A ceiling to shelter us from excess

Friday 9th December 2011, 4:13PM GMT.

THE latest census figures, published yesterday, show that Jersey’s population has risen by an average of some 900 people a year since the last major count in 2001.

When the census was conducted earlier this year, there were 97,857 people living in the Island – which equates to a population density of significantly more than 2,000 per square mile.

It is true that we might still be very far removed from the overcrowding of Hong Kong, Macau or even Monaco, but enough is enough and more stringent controls on immigration must rise to the top of the agenda to reduce unemployment, spare the Island’s over-stressed infrastructure and protect our general quality of life.

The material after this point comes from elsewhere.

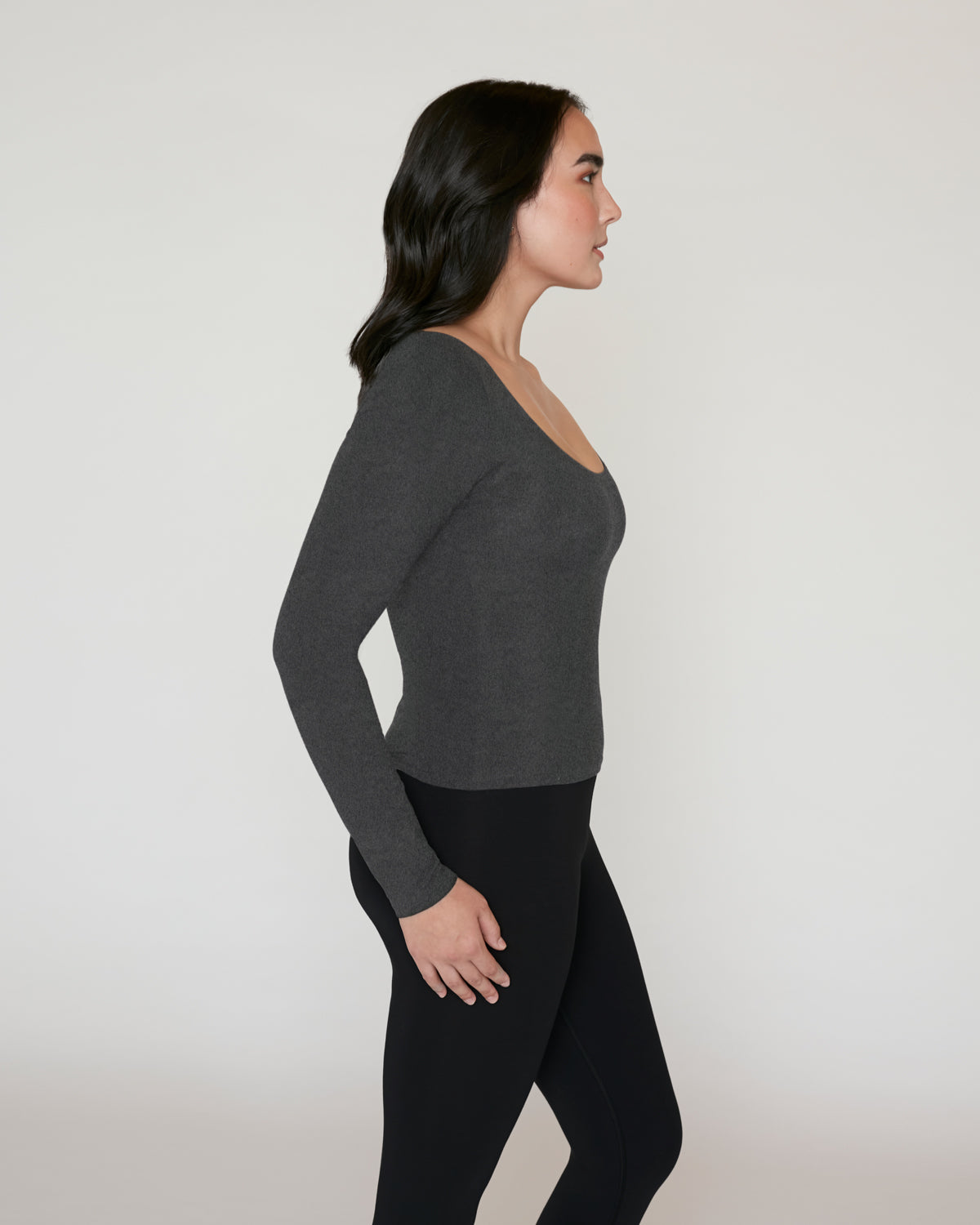 "#color_CHARCOAL| Emi is 5'7.5", wearing a size S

Even in the face of a recession that is likely to have limited the influx of new residents, the latest figures indicate that some 6,800 of the 9,000 recorded increase can be accounted for through immigration, far outweighing the excess of births over deaths. This suggests that the rate of immigration has, at least periodically, exceeded government targets.

Further analysis of the census results has yet to be undertaken to establish the extent to which the figures have been influenced by, for example, returning graduates, but Chief Minister Ian Gorst has said that he sympathises strongly with the view that a halt must eventually be called. He says that an absolute population ceiling of 100,000 should be set. Moreover, he also says that he believes that he is in tune not only with the feelings of many Islanders, but also with those of many of his fellow States Members.

Senator Gorst’s attitude is encouraging. Although it might be wrong to characterise the attitude of the previous administration by the phrase ‘let it rip’, it was certainly ready to encourage immigration if it was deemed necessary to supply the manpower needed to support growth. Unfortunately, it – and its immediate predecessors – refused to entertain the notion of a ceiling and there was unacceptable woolliness about the extent to which controls should be applied.

We now appear to have a political leader – and, it is to be hoped, a supportive Council of Ministers – ready and willing to tackle a central social and economic problem head on and to apply common sense to an issue which, until recently, was addressed through a sad mixture of unrefined free market doctrine and wishful thinking.